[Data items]
•••

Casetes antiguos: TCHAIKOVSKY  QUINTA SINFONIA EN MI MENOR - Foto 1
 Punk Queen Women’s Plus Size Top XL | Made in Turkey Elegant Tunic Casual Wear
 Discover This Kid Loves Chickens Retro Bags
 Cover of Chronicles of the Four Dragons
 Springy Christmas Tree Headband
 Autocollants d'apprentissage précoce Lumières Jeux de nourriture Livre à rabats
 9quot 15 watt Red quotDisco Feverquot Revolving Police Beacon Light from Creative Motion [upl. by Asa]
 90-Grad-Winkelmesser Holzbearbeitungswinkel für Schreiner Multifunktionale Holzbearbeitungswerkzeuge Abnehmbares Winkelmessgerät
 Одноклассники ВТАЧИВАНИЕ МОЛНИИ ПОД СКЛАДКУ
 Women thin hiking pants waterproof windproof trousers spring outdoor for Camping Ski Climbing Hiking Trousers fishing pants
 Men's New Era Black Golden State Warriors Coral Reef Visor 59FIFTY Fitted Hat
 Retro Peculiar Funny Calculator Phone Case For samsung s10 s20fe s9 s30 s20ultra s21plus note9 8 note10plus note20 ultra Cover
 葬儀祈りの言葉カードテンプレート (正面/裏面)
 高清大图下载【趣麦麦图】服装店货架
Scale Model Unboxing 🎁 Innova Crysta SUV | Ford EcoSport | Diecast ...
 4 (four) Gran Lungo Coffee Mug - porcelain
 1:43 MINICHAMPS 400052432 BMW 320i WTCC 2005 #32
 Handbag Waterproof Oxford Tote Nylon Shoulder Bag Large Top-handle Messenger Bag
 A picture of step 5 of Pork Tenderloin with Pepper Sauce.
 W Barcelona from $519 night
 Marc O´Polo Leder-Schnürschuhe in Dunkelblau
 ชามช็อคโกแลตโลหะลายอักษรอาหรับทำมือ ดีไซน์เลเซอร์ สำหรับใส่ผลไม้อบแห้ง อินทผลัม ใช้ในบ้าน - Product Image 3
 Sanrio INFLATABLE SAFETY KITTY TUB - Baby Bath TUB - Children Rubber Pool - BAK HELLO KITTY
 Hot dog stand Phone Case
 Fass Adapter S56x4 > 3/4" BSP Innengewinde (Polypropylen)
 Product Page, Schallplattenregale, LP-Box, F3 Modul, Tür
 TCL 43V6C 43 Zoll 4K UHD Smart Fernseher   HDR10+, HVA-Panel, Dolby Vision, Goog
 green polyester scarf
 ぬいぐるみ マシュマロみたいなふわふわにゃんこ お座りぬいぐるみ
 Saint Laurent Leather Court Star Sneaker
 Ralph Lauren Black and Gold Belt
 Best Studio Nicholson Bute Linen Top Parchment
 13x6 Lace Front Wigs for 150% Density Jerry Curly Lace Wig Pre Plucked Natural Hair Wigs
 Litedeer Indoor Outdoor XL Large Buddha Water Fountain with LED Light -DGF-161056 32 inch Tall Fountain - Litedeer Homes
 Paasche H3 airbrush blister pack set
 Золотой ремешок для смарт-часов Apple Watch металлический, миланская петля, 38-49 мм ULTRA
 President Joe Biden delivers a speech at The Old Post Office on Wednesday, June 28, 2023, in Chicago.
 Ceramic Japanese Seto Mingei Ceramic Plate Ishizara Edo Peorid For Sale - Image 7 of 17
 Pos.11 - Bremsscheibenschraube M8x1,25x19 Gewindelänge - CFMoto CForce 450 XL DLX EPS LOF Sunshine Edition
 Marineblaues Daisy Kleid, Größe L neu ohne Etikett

•••

- WHAT THE TASK ASKS -
Start at the line containing "13x6 Lace Front" and transcribe through the end of the entries. Please keep both ends and add nothing.

- OUTPUT FOR THIS TASK -
 13x6 Lace Front Wigs for 150% Density Jerry Curly Lace Wig Pre Plucked Natural Hair Wigs
 Litedeer Indoor Outdoor XL Large Buddha Water Fountain with LED Light -DGF-161056 32 inch Tall Fountain - Litedeer Homes
 Paasche H3 airbrush blister pack set
 Золотой ремешок для смарт-часов Apple Watch металлический, миланская петля, 38-49 мм ULTRA
 President Joe Biden delivers a speech at The Old Post Office on Wednesday, June 28, 2023, in Chicago.
 Ceramic Japanese Seto Mingei Ceramic Plate Ishizara Edo Peorid For Sale - Image 7 of 17
 Pos.11 - Bremsscheibenschraube M8x1,25x19 Gewindelänge - CFMoto CForce 450 XL DLX EPS LOF Sunshine Edition
 Marineblaues Daisy Kleid, Größe L neu ohne Etikett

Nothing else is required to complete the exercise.